Zur Gestaltung von Natur und Gesellschaft entwarf Günther Steiner ein virtuelles Unternehmen, das er im Laufe der Jahre zu einem komplexen virtuellen „Konzern“ ausbaute. Die Steigerung von Lebensqualität und Erkenntnisgewinn ist das gemeinsame Ziel der einzelnen Betriebe. Modernste Technologie und globale Zusammenarbeit bewähren sich vor allem in extremen Situationen, wenn Naturgewalten und Katastrophen menschliches Leben bedrohen. Sie sind aber auch die Mittel des Künstlers, die Grenzen seines eigenen Lebensraumes zu überschreiten.
„Meine Zeichnungen stellen für mich eine große Firma dar. Mit dieser kann ich meine Umwelt besser verarbeiten.“ So charakterisierte Günther Steiner einst seine Arbeit und fügte hinzu: „Das müssen die anderen entscheiden, ob es Kunst ist.“ Die anderen haben entschieden. 2004 wurde Steiners Konzern mit dem Kunstpreis der Raiffeisen Landesbank Tirol ausgezeichnet.
Anlässlich der ersten österreichischen EU-Ratspräsidentschaft war Steiners „Konzern“ im Centro per l’arte contemporanea Luigi Pecci in Prato, unweit Florenz, im Rahmen der vom Österreichischen Kulturforum in Rom und der Universität Innsbruck initiierten Ausstellung „Opera Austria – Kunst im Herzen Europas“ zu sehen. Künstlerpersönlichkeiten von internationalem Rang waren aufgefordert, historische Bezüge zum eigenen Werk und Ausblicke auf unverbrauchte Hoffnungsträger einer aufstrebenden jüngeren Generation herzustellen. Günther Steiner, der am Computer u. a. Kriegsgerät zu humanitären Zwecken umwidmet, wurde vom Aktionskünstler Wolfgang Flatz, dessen bisweilen unter extremem Körpereinsatz ständig Gewalt aktivierende Kunst als eindrucksvolles Plädoyer gegen Gewalt zu verstehen ist, für die größte Schau österreichischer Kunst im Ausland vorgeschlagen.

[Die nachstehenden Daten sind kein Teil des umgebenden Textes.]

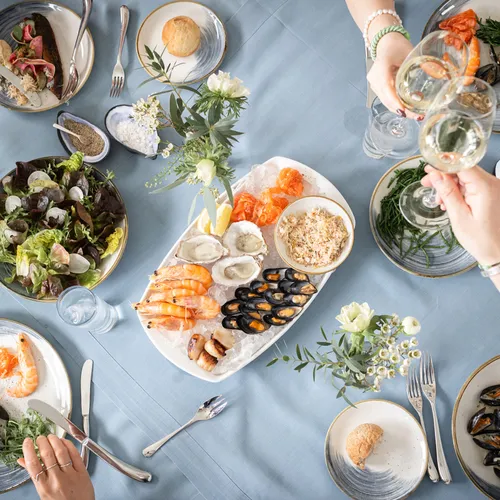 Overhead view of a seafood dining table with oysters, prawns, mussels, salad and glasses of white wine being raised for a toast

Mehr biografische Daten zu Günther Steiner findet man im Kunstshop von Dolomitenstadt, der ein zentrales Werk aus Steiners Schaffen präsentiert, den „Hundefön“. Auch dieses Bild ist ein Ausschnitt, ein Detail aus einer komplexen Idee, die der Künstler in einer Nebenhandlung seines Universums schildert: Die Geschichte eines Trainingszentrums mit schwimmenden Therapiehunden, die 2016 in Buchform veröffentlicht wurde und mittlerweile vergriffen ist. Steiner nennt sie „Doctor Dogs“. Eine Einführung in die amüsante Story gibt es im Kunstshop.

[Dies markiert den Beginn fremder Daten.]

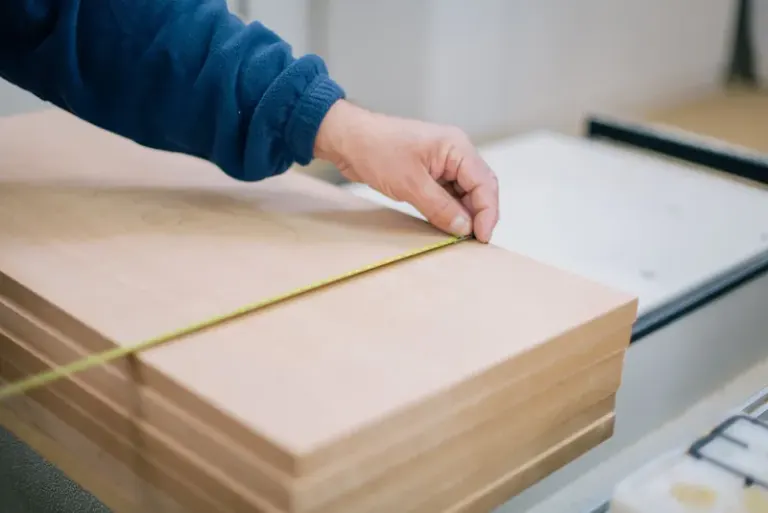Close-up of a carpenter's hand using a tape measure to measure wooden planks indoors. Stock Photo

Wer Günther Steiners Arbeit im öffentlichen Raum bewundern will, dem sei ein Besuch im Polizeiposten Lienz empfohlen. Dort sind seit der Umgestaltung des Hauses im Jahr 2016 wandfüllende Arbeiten Steiners zu sehen, die einen künstlerischen Bezug herstellen zwischen dem virtuellen Hilf Leben-Konzern Steiners und den realen „Freunden und Helfern“ der Osttiroler Exekutive.